#### [WORK TO BE COMPLETED]
Your answer must be the line containing "2018 Audi Q8 - image 3" and each following line to the end of the listing below, copied exactly, with pictures removed and nothing added.

*** SUPPLIED DATA

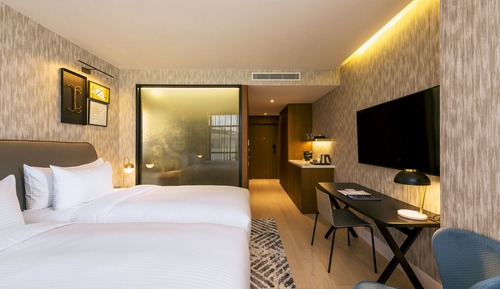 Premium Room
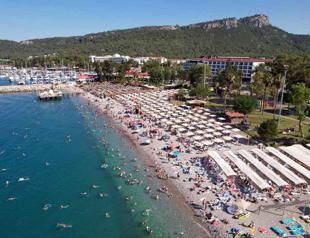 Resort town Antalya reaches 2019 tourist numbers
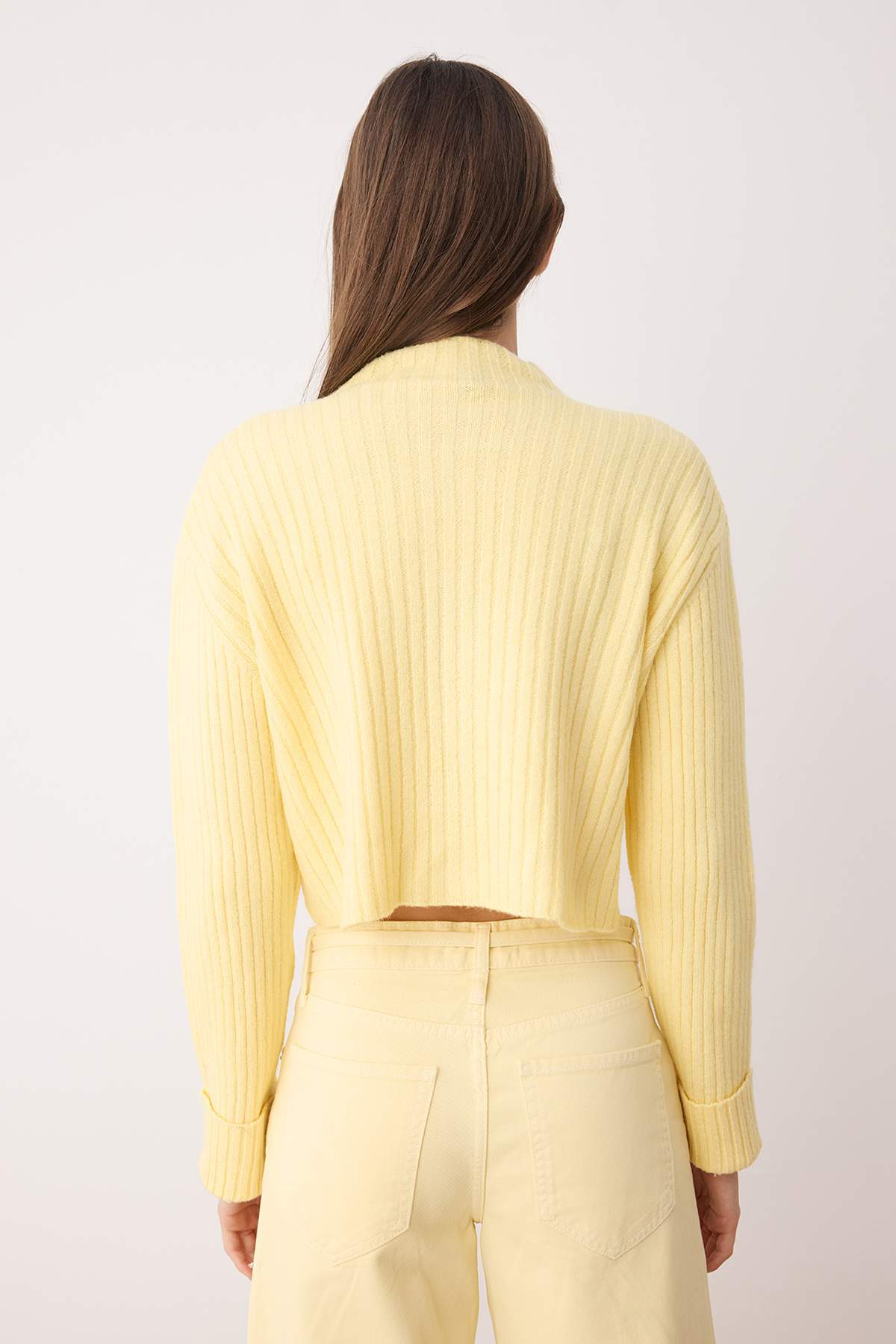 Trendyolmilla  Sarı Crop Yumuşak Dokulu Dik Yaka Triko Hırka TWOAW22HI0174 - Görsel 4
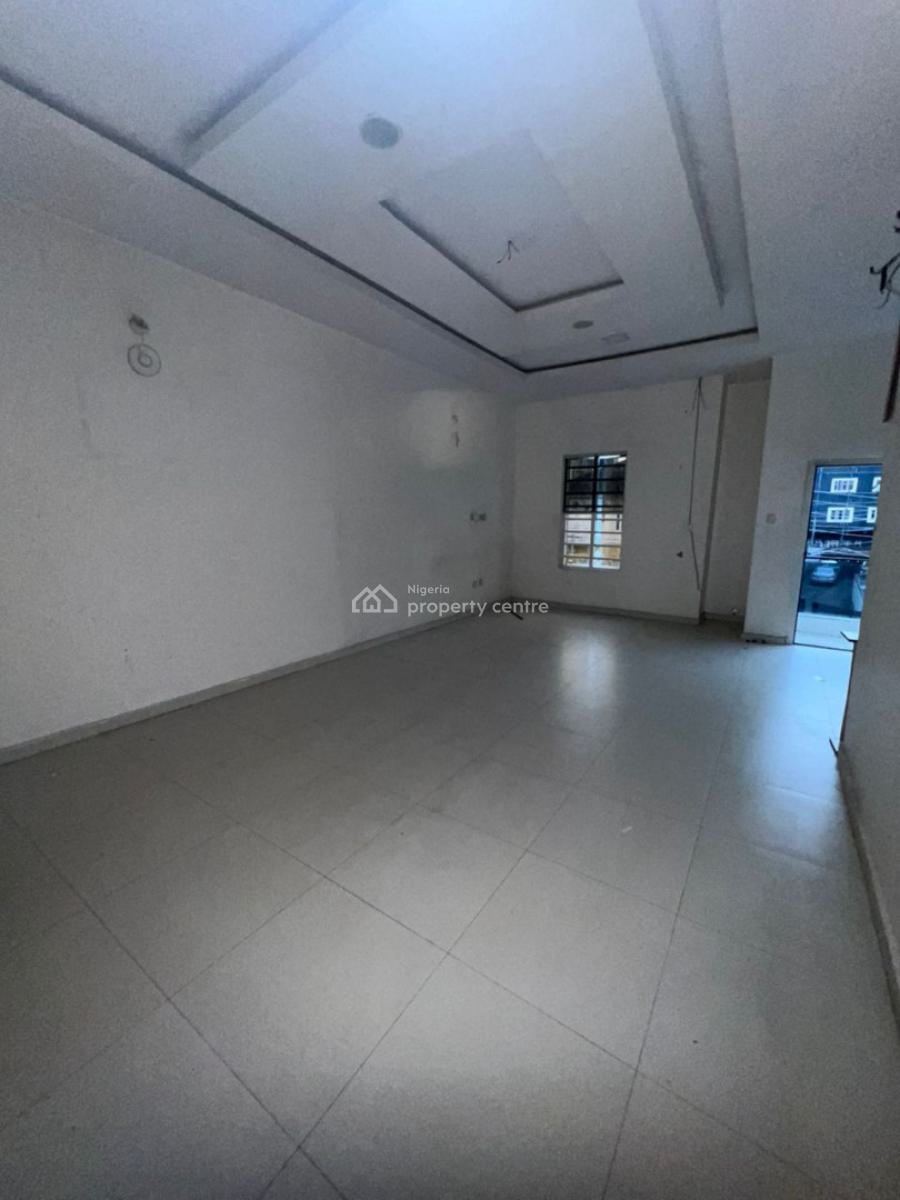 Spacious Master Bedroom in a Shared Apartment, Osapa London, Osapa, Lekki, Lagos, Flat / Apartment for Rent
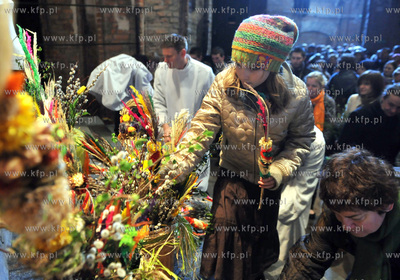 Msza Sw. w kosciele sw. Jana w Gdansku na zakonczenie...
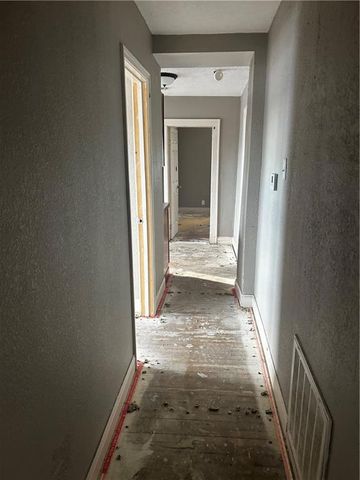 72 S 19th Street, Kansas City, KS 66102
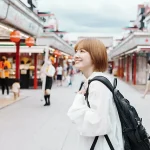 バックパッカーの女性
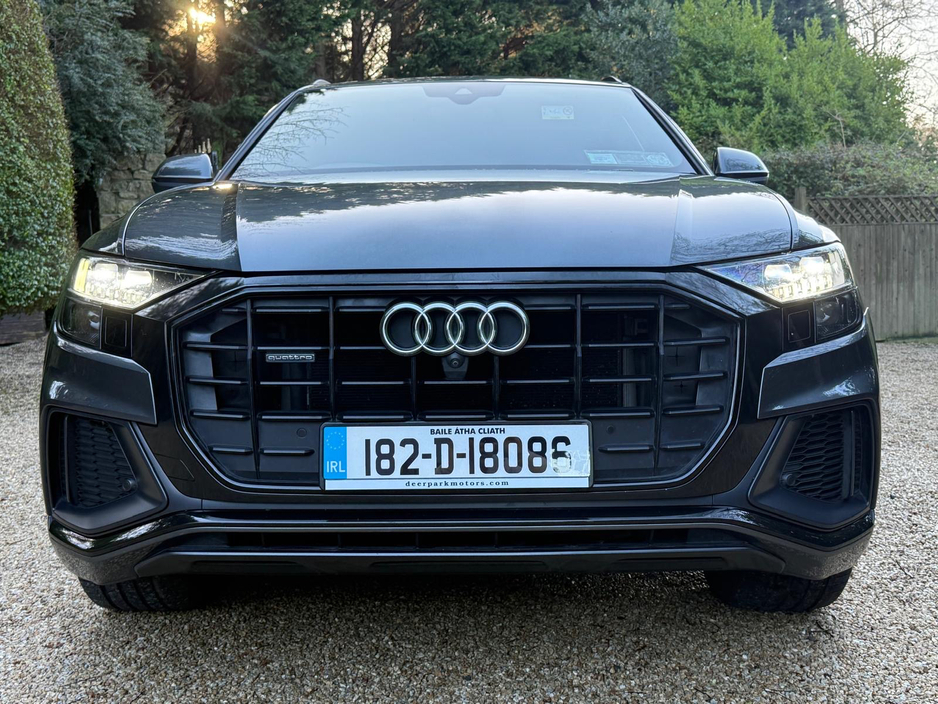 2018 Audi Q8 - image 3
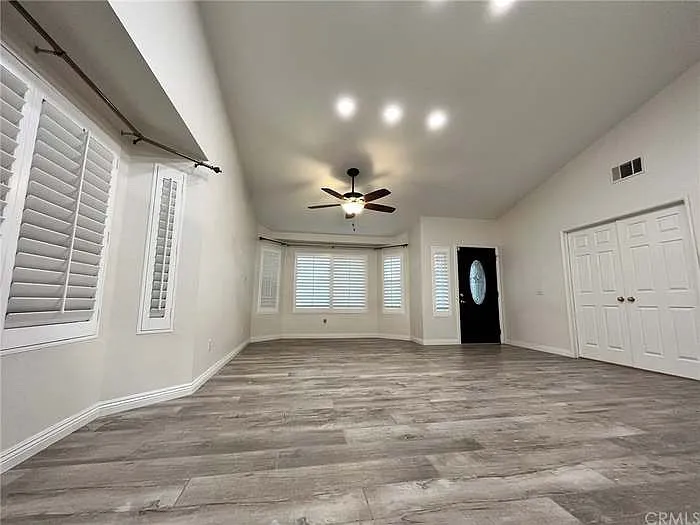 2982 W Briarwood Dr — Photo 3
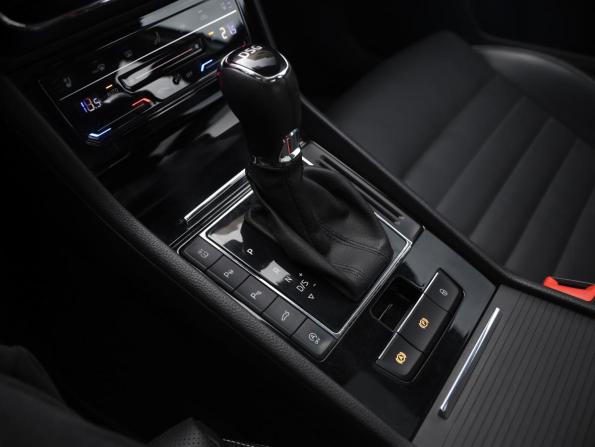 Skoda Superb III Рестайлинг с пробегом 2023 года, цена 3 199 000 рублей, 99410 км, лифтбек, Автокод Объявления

******

#### [RESULT]
 2018 Audi Q8 - image 3
 2982 W Briarwood Dr — Photo 3
 Skoda Superb III Рестайлинг с пробегом 2023 года, цена 3 199 000 рублей, 99410 км, лифтбек, Автокод Объявления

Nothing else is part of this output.